* WORK INSTRUCTIONS
An exact transcription of each entry below is required, without any pictures.
|---|
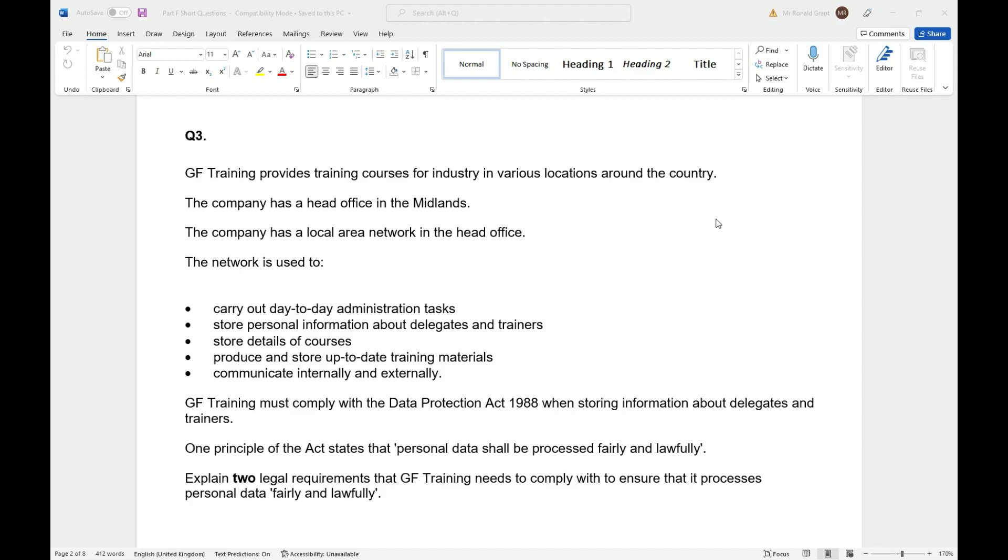in the head office. The network is used to carry out day-to-day administrative tasks, store personal information about delegates and trainers, store details of courses, produce and store up-to-date training materials, and communicate internally and externally. GF Training must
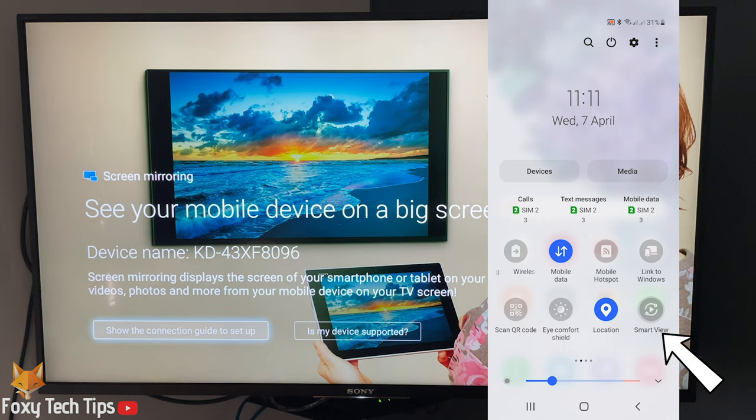On the popup, tap start now, then choose your TV from the list of devices to connect to.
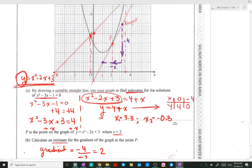This value of 2 is the estimate for the gradient of the tangent to the curve at point P. Note that there is an acceptable range of values for this gradient estimate.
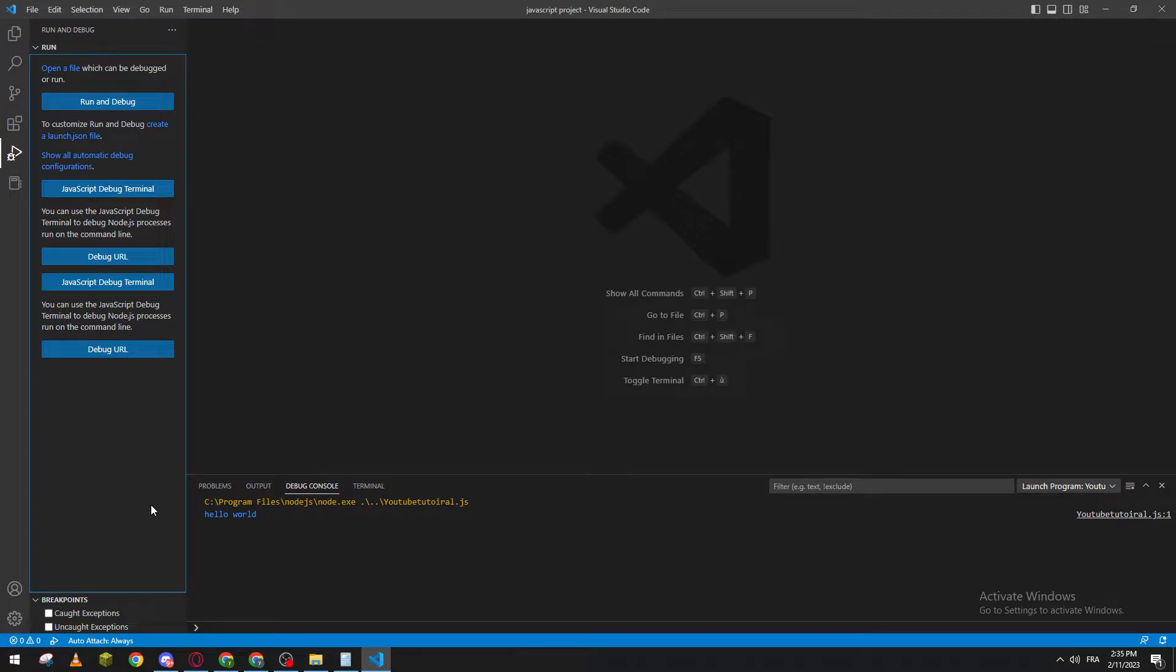Hello guys and welcome back to a brand new video. In today's tutorial I will be showing you how to update your Visual Studio Code.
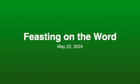Hello, welcome to Feasting on the Word for this week. It is May the 22nd, 2024, once again linking ourselves to this ancient rhythm and discipline of the church.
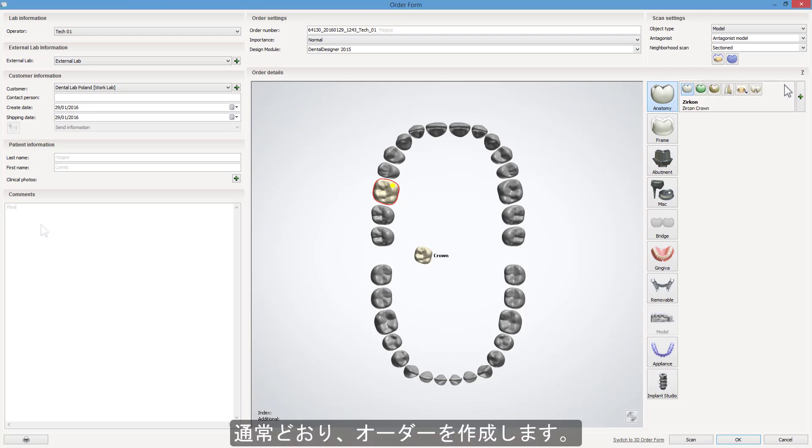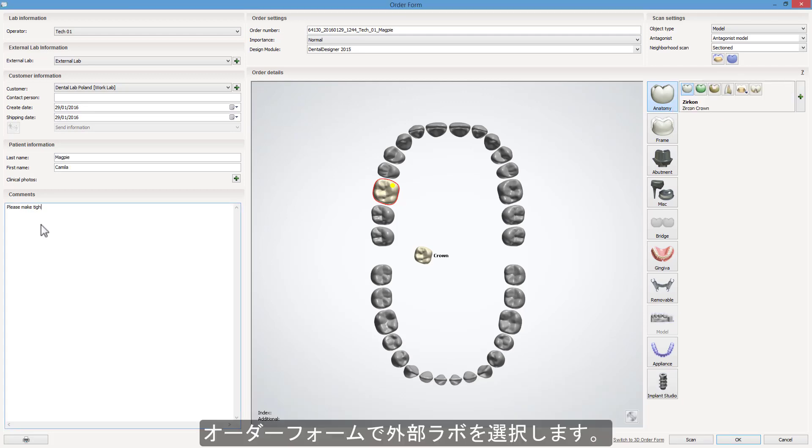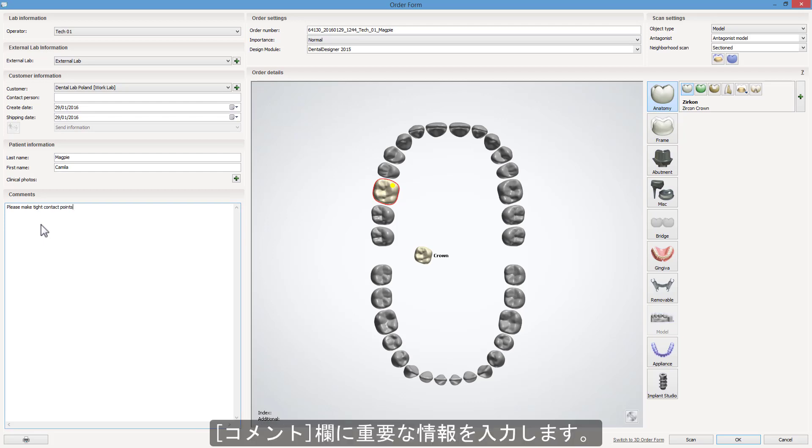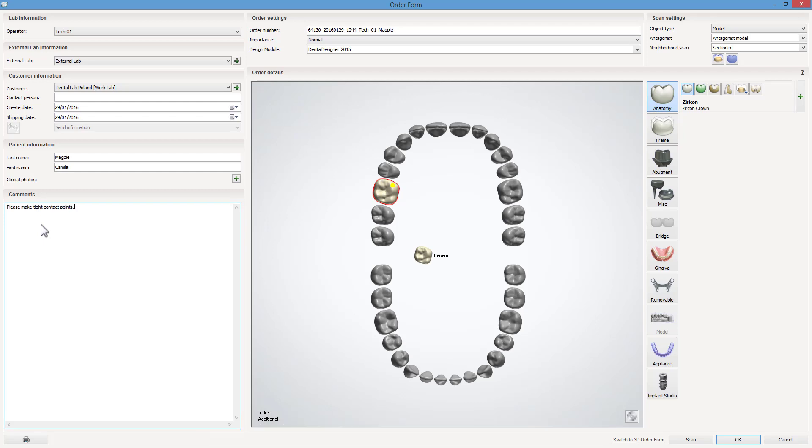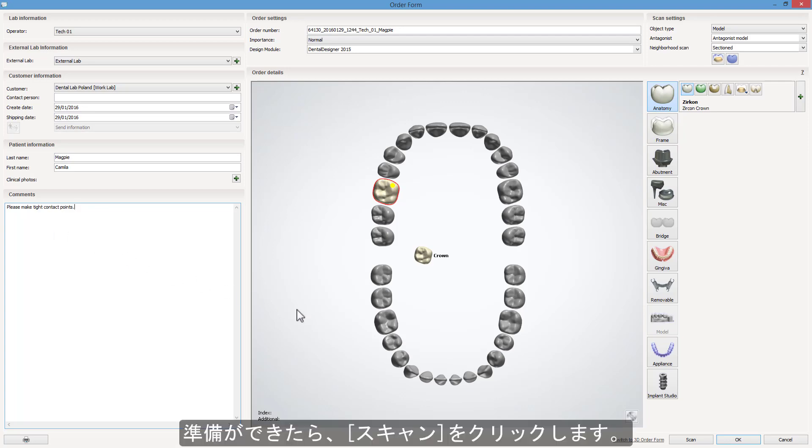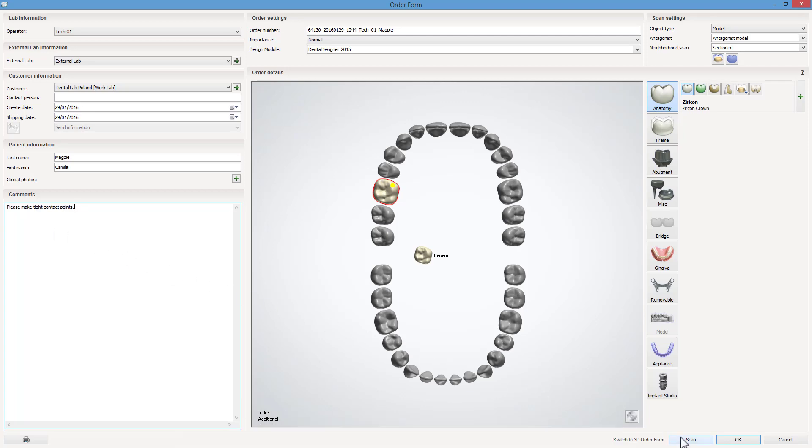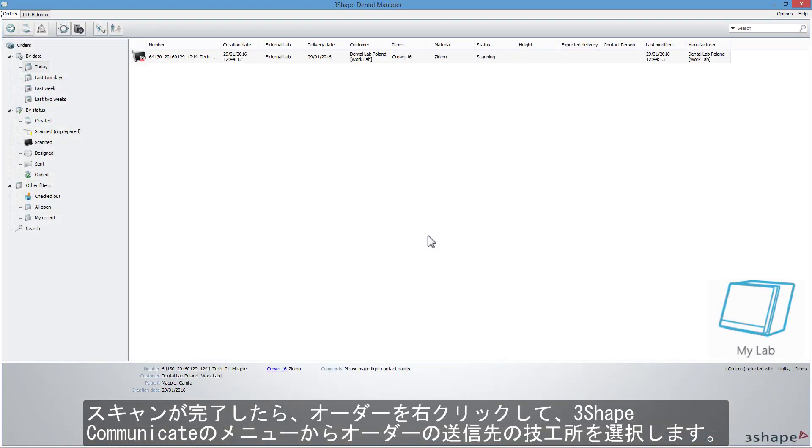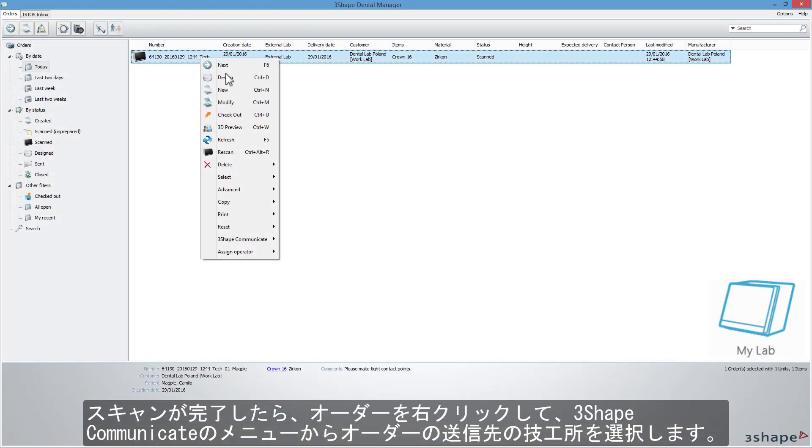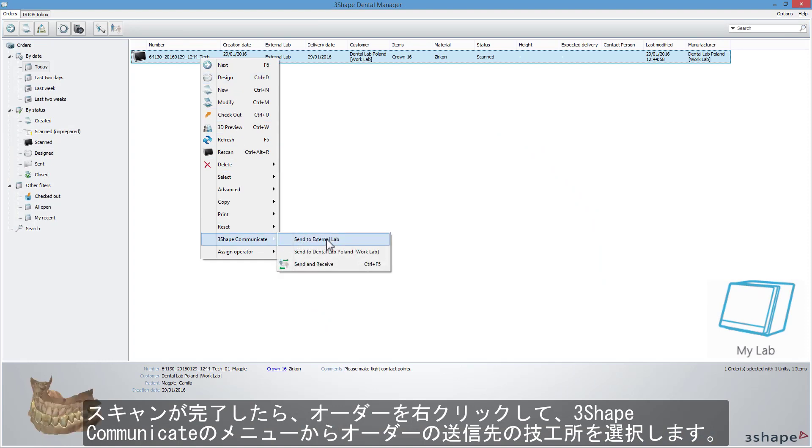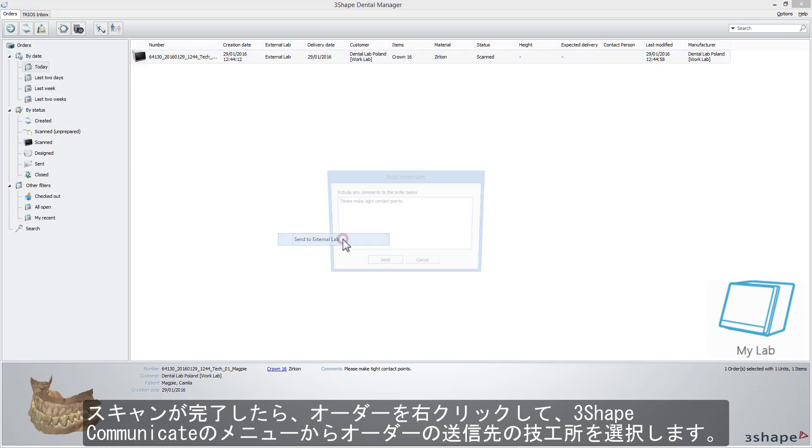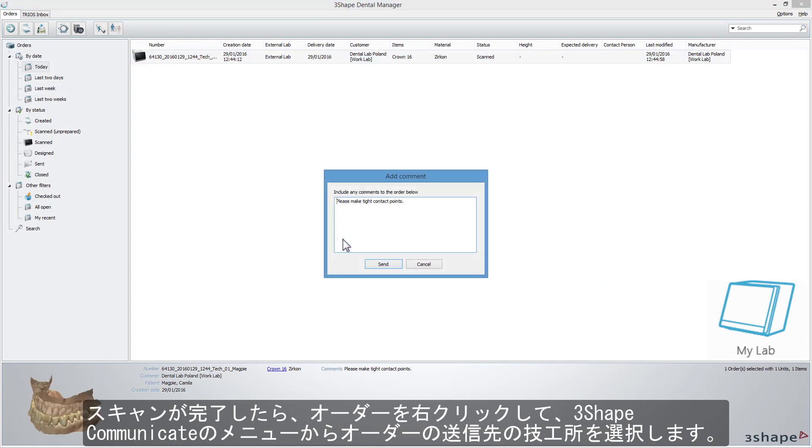Create an order as usual. Choose an external lab in the order form. Add any important information in the Comments field. When ready, click Scan. After the scanning process is completed, right-click on the order and from the 3Shape Communicate menu, choose a lab to whom you want to send the order.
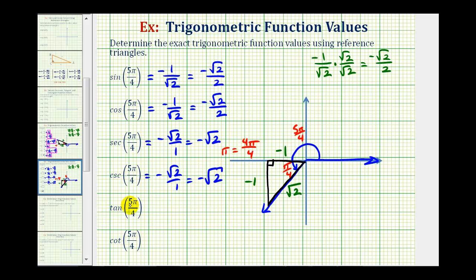The tangent of five pi over four radians will be equal to the ratio of the opposite side to the adjacent side — negative one divided by negative one — which is equal to positive one. The cotangent function value will be equal to the reciprocal of the tangent function value. The reciprocal of one is one, or again using the reference triangle, we'd have the ratio of the adjacent side to the opposite side: negative one divided by negative one, which is of course equal to one.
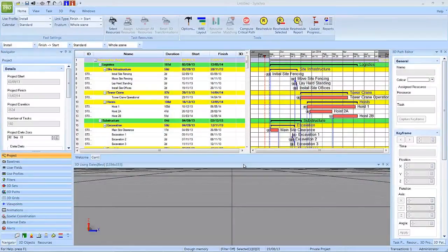In this video, you will learn about Gantt chart display options. In Synchro, you can customize the WBS layout if desired.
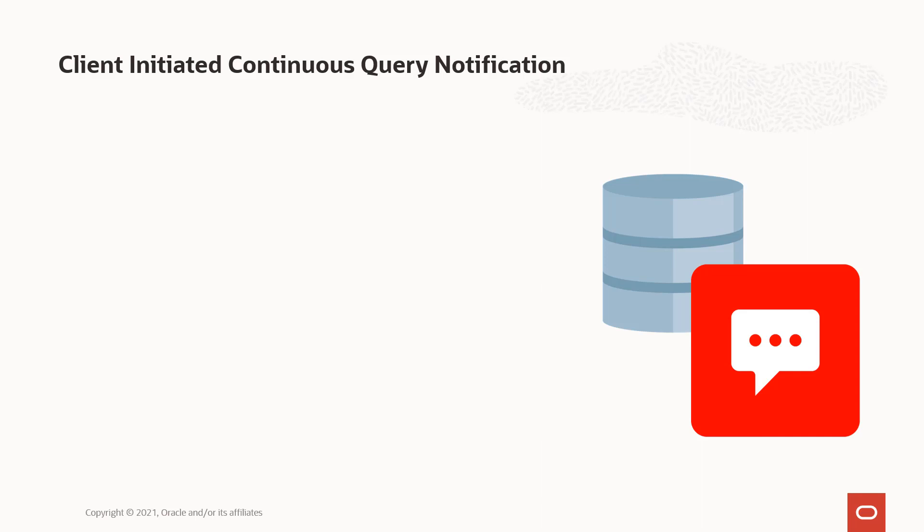CI CQN was built with the knowledge that nowadays people are using clouds with firewalls between their middle tiers and their database site. CI CQN is just the same conceptually as traditional CQN, just that we now support the cloud and firewall scenarios. In traditional CQN scenarios, notifications were supported through a listening endpoint on the client side, and obviously with cloud and firewalls, that generally may not be possible.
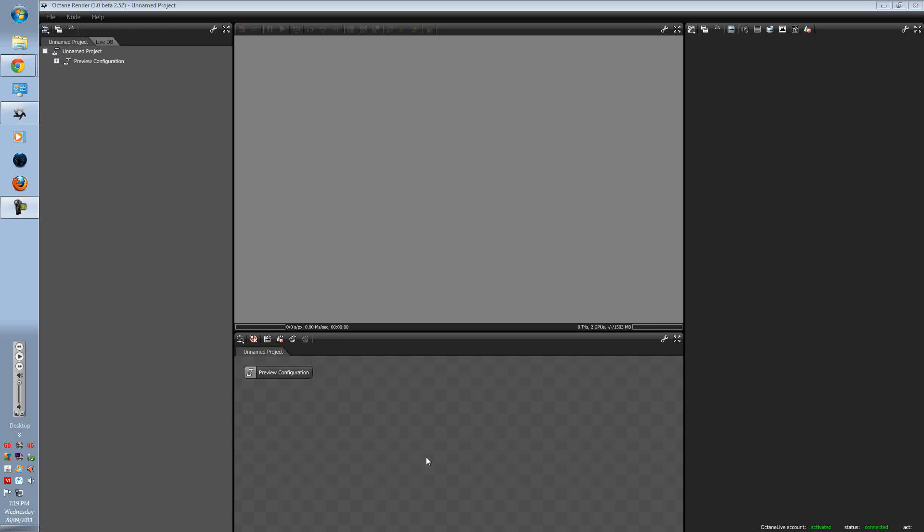G'day guys, Mtintam here. Today in this Octane Render tutorial, we'll be learning how to make and set up a Material Macro. Material Macros are pretty much your own pre-made materials, and you can import them into Octane Render.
|---|
* YOUR SOLUTION
in the head office. The network is used to carry out day-to-day administrative tasks, store personal information about delegates and trainers, store details of courses, produce and store up-to-date training materials, and communicate internally and externally. GF Training must
On the popup, tap start now, then choose your TV from the list of devices to connect to.
This value of 2 is the estimate for the gradient of the tangent to the curve at point P. Note that there is an acceptable range of values for this gradient estimate.
Hello guys and welcome back to a brand new video. In today's tutorial I will be showing you how to update your Visual Studio Code.
Hello, welcome to Feasting on the Word for this week. It is May the 22nd, 2024, once again linking ourselves to this ancient rhythm and discipline of the church.
Create an order as usual. Choose an external lab in the order form. Add any important information in the Comments field. When ready, click Scan. After the scanning process is completed, right-click on the order and from the 3Shape Communicate menu, choose a lab to whom you want to send the order.
The tangent of five pi over four radians will be equal to the ratio of the opposite side to the adjacent side — negative one divided by negative one — which is equal to positive one. The cotangent function value will be equal to the reciprocal of the tangent function value. The reciprocal of one is one, or again using the reference triangle, we'd have the ratio of the adjacent side to the opposite side: negative one divided by negative one, which is of course equal to one.
In this video, you will learn about Gantt chart display options. In Synchro, you can customize the WBS layout if desired.
CI CQN was built with the knowledge that nowadays people are using clouds with firewalls between their middle tiers and their database site. CI CQN is just the same conceptually as traditional CQN, just that we now support the cloud and firewall scenarios. In traditional CQN scenarios, notifications were supported through a listening endpoint on the client side, and obviously with cloud and firewalls, that generally may not be possible.
G'day guys, Mtintam here. Today in this Octane Render tutorial, we'll be learning how to make and set up a Material Macro. Material Macros are pretty much your own pre-made materials, and you can import them into Octane Render.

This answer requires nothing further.